What is needed - Transcribe exactly, and without pictures, only the lines from the one bearing "Grenouillère petite poche 1 bonnet rose" through the final line of the data below.

[The data]

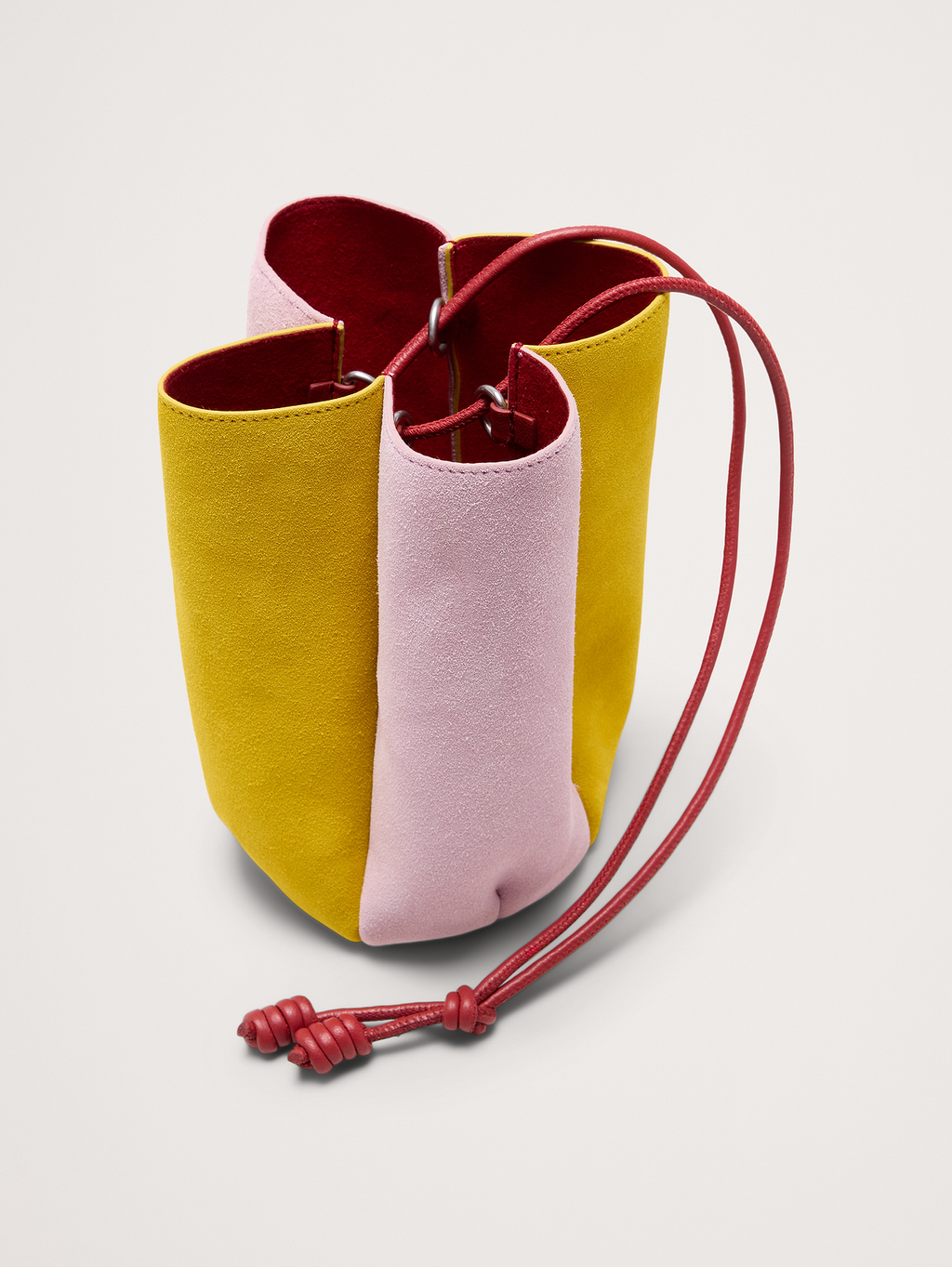 Color-block Suede Tulip Bag - Dusty Pink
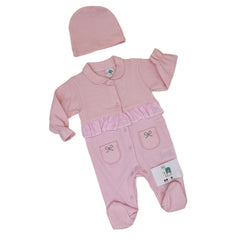 Grenouillère petite poche 1 bonnet rose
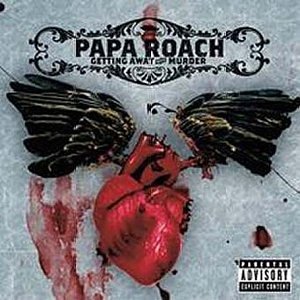 Papa Roach album cover: a red heart with black wings, splattered with blood.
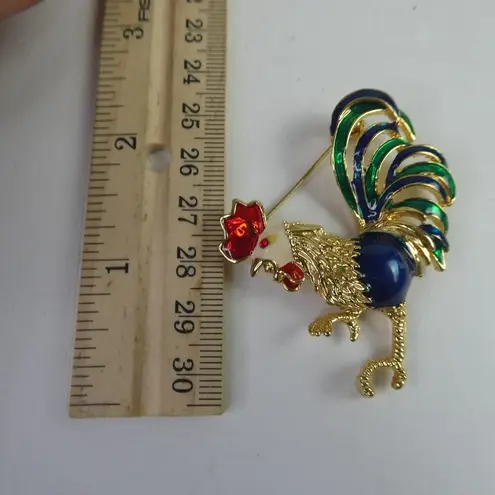 Gold Tone Rooster Chicken Colorful Animal Figural Brooch Pin Farm Livestock Bird Blue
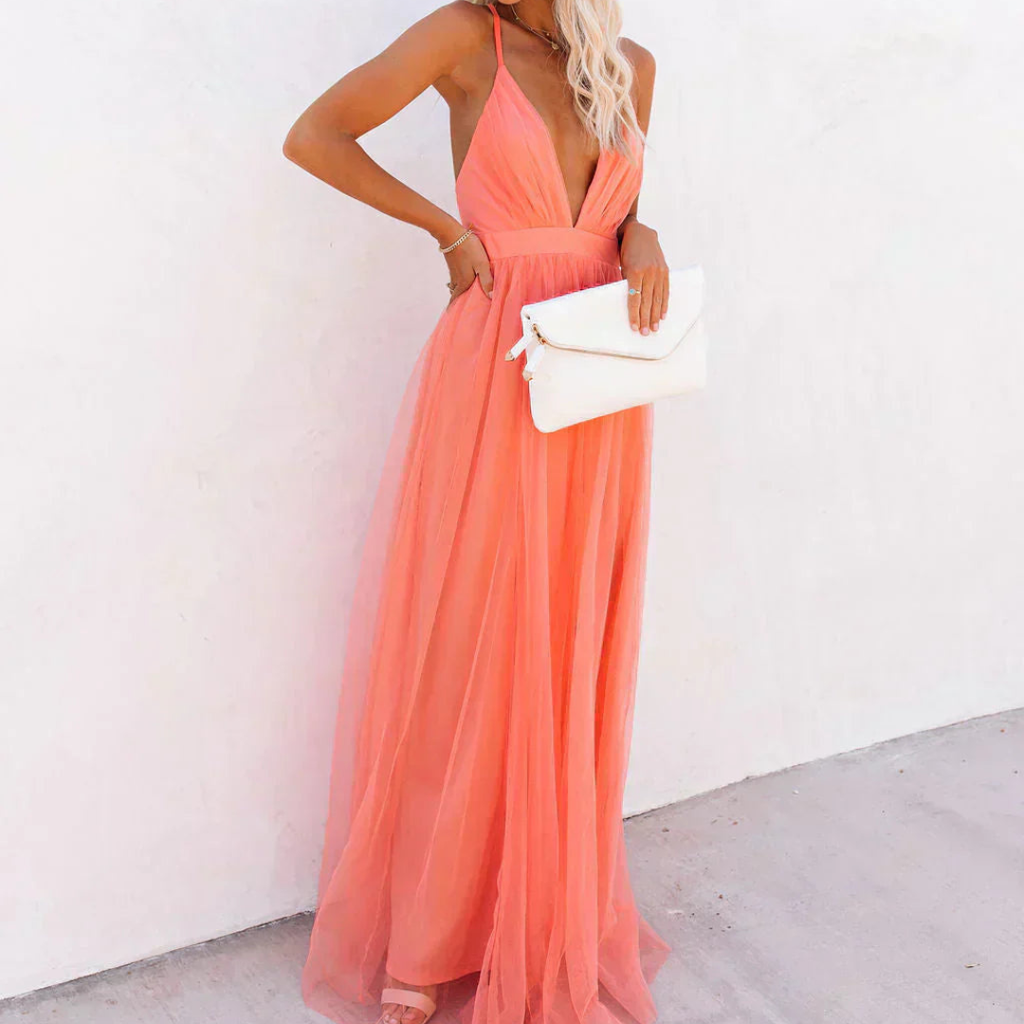 Ginebra | Vestido largo color coral claro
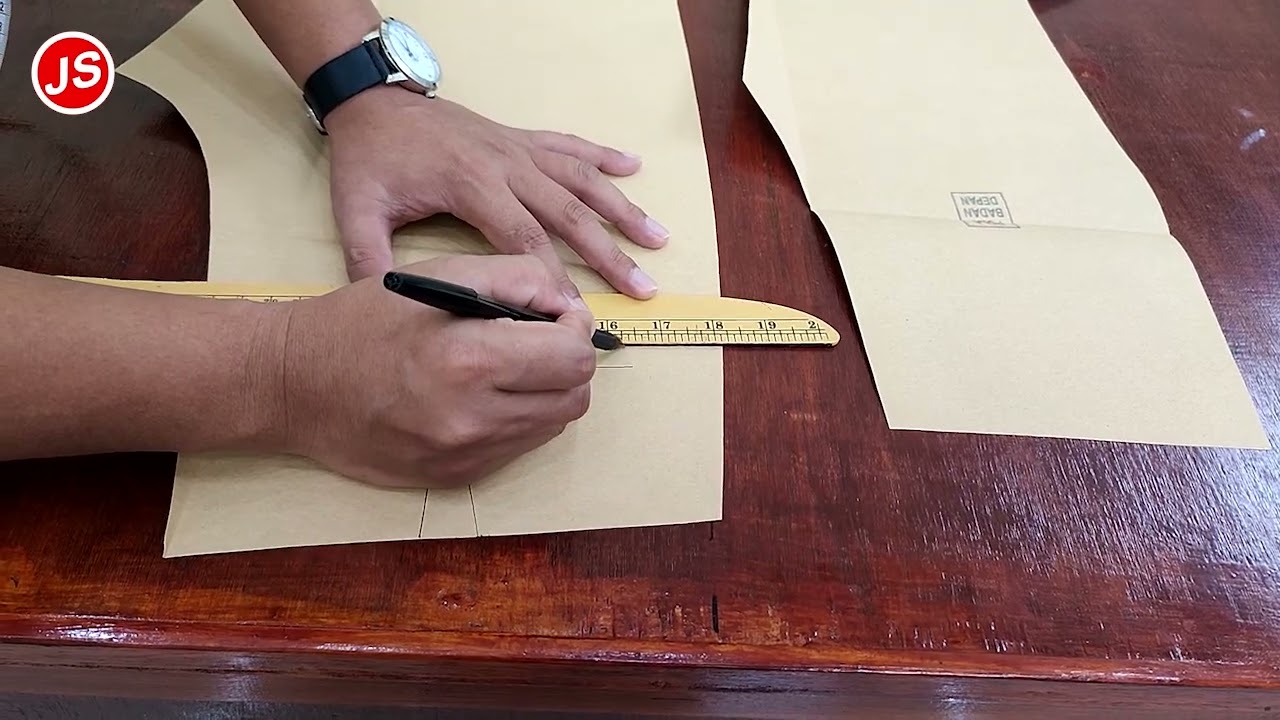 Membuat Tanda Posisi Saku Belakang & Saku Samping Pola Instan Celana Pria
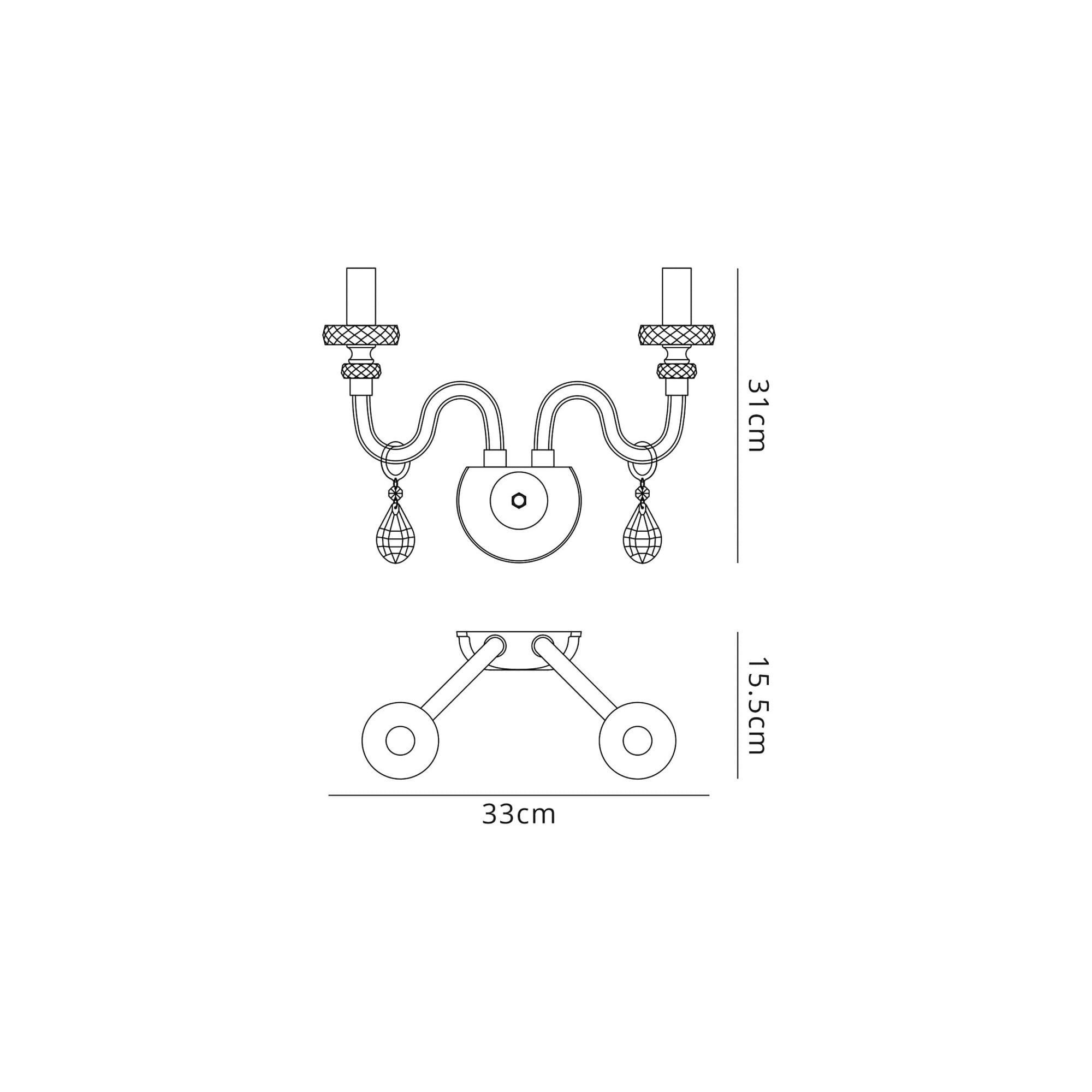 Fabula Hickman 2 Light Wall Lamp - Polished Chrome, Clear Glass & Crystal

[/The data]

Reply to the task -
 Grenouillère petite poche 1 bonnet rose
 Papa Roach album cover: a red heart with black wings, splattered with blood.
 Gold Tone Rooster Chicken Colorful Animal Figural Brooch Pin Farm Livestock Bird Blue
 Ginebra | Vestido largo color coral claro
 Membuat Tanda Posisi Saku Belakang & Saku Samping Pola Instan Celana Pria
 Fabula Hickman 2 Light Wall Lamp - Polished Chrome, Clear Glass & Crystal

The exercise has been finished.